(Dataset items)

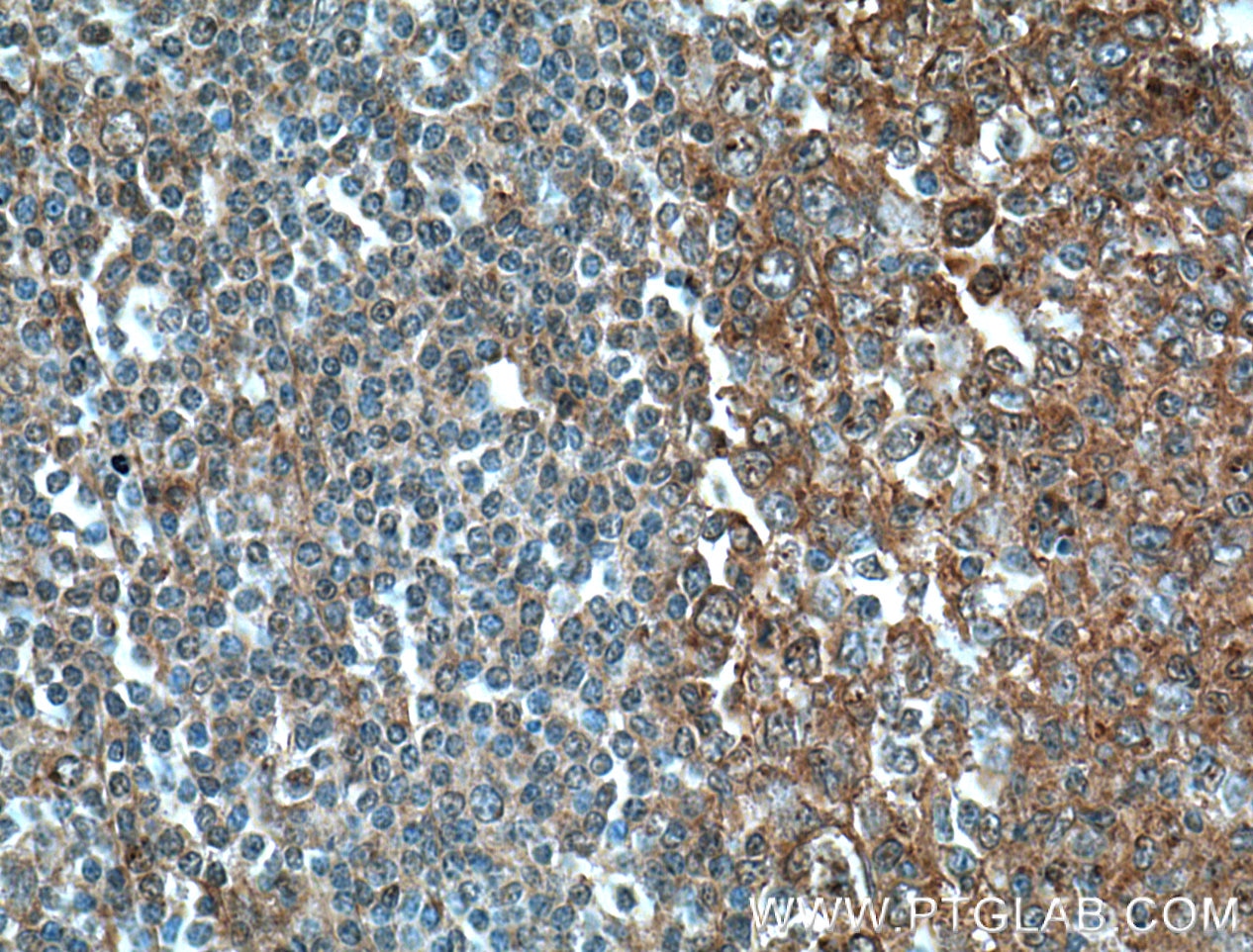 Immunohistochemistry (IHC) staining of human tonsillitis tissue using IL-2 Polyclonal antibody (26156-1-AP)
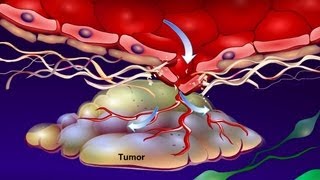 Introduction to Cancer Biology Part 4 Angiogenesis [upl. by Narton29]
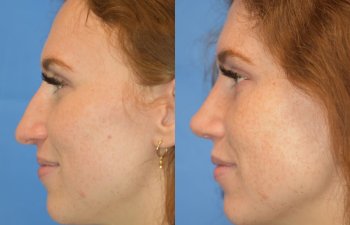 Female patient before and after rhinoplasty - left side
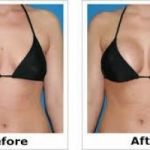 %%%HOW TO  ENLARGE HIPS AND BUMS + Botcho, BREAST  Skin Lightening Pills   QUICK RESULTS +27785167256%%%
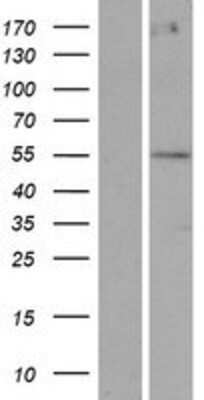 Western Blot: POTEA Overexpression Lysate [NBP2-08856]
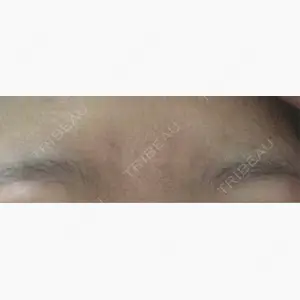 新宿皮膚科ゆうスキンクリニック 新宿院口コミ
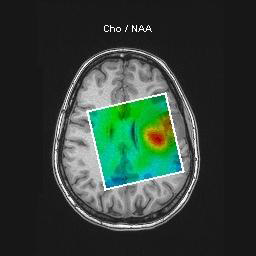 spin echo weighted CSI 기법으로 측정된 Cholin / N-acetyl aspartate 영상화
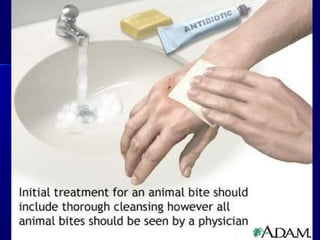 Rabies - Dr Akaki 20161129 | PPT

...

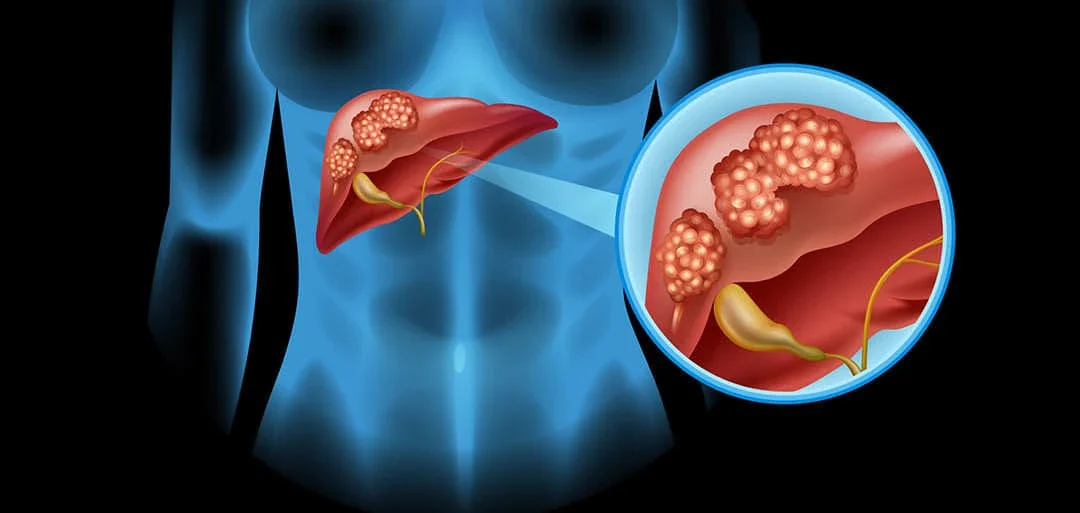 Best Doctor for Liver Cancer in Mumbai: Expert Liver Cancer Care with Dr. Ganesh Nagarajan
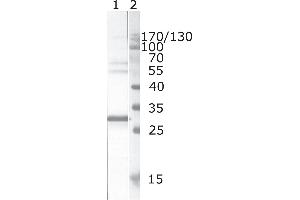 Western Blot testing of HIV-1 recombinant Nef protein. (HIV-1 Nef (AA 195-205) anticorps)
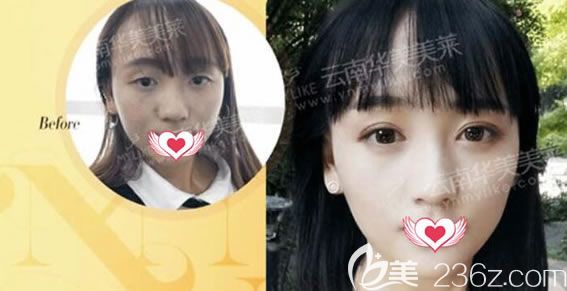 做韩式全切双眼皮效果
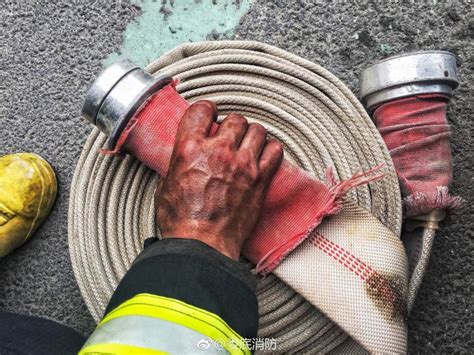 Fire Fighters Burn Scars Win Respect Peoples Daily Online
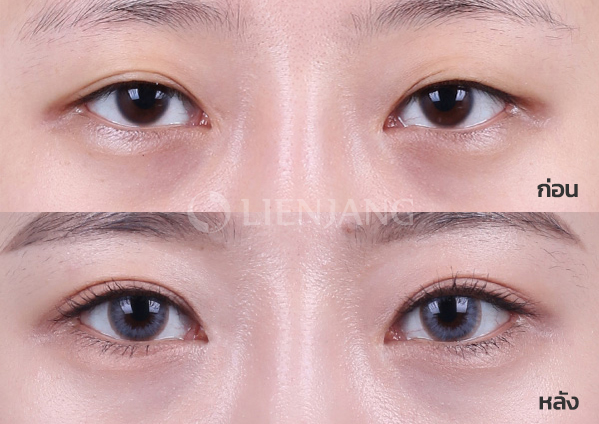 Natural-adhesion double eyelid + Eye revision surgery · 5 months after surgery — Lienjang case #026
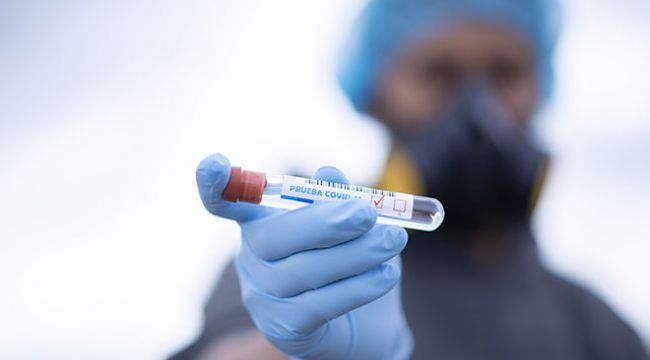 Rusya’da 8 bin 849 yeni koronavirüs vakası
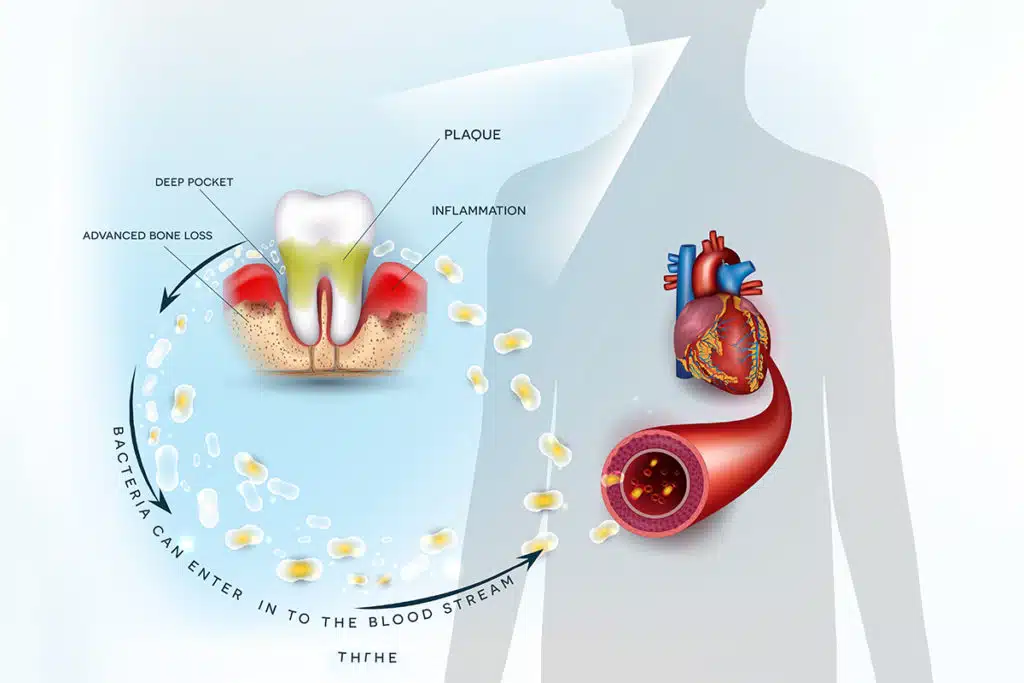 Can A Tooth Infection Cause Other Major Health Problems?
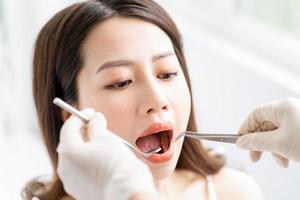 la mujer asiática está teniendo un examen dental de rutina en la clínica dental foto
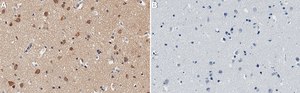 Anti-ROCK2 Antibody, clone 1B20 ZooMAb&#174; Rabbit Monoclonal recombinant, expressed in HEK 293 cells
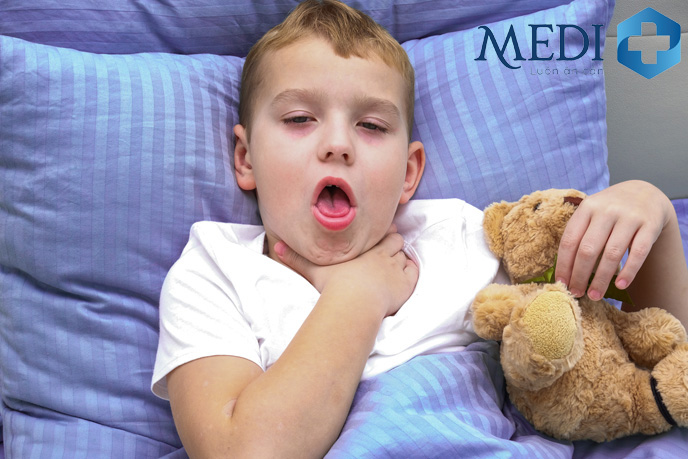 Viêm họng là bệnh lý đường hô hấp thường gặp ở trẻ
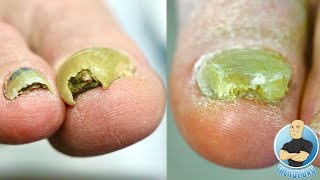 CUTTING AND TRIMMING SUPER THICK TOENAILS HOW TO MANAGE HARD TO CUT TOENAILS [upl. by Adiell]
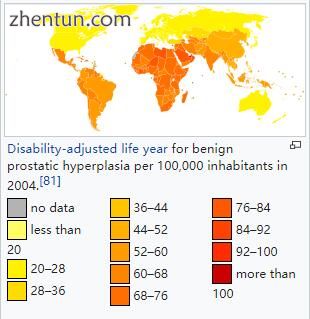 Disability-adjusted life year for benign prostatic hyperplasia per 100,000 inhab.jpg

→ Problem description
Exactly the lines above from the one that contains "Immunohistochemistry (IHC) staining" down to the one that contains "Rabies - Dr Akaki 20161129 | PPT" are to be output, both ends kept and pictures omitted.

→ Worked solution
 Immunohistochemistry (IHC) staining of human tonsillitis tissue using IL-2 Polyclonal antibody (26156-1-AP)
 Introduction to Cancer Biology Part 4 Angiogenesis [upl. by Narton29]
 Female patient before and after rhinoplasty - left side
 %%%HOW TO  ENLARGE HIPS AND BUMS + Botcho, BREAST  Skin Lightening Pills   QUICK RESULTS +27785167256%%%
 Western Blot: POTEA Overexpression Lysate [NBP2-08856]
 新宿皮膚科ゆうスキンクリニック 新宿院口コミ
 spin echo weighted CSI 기법으로 측정된 Cholin / N-acetyl aspartate 영상화
 Rabies - Dr Akaki 20161129 | PPT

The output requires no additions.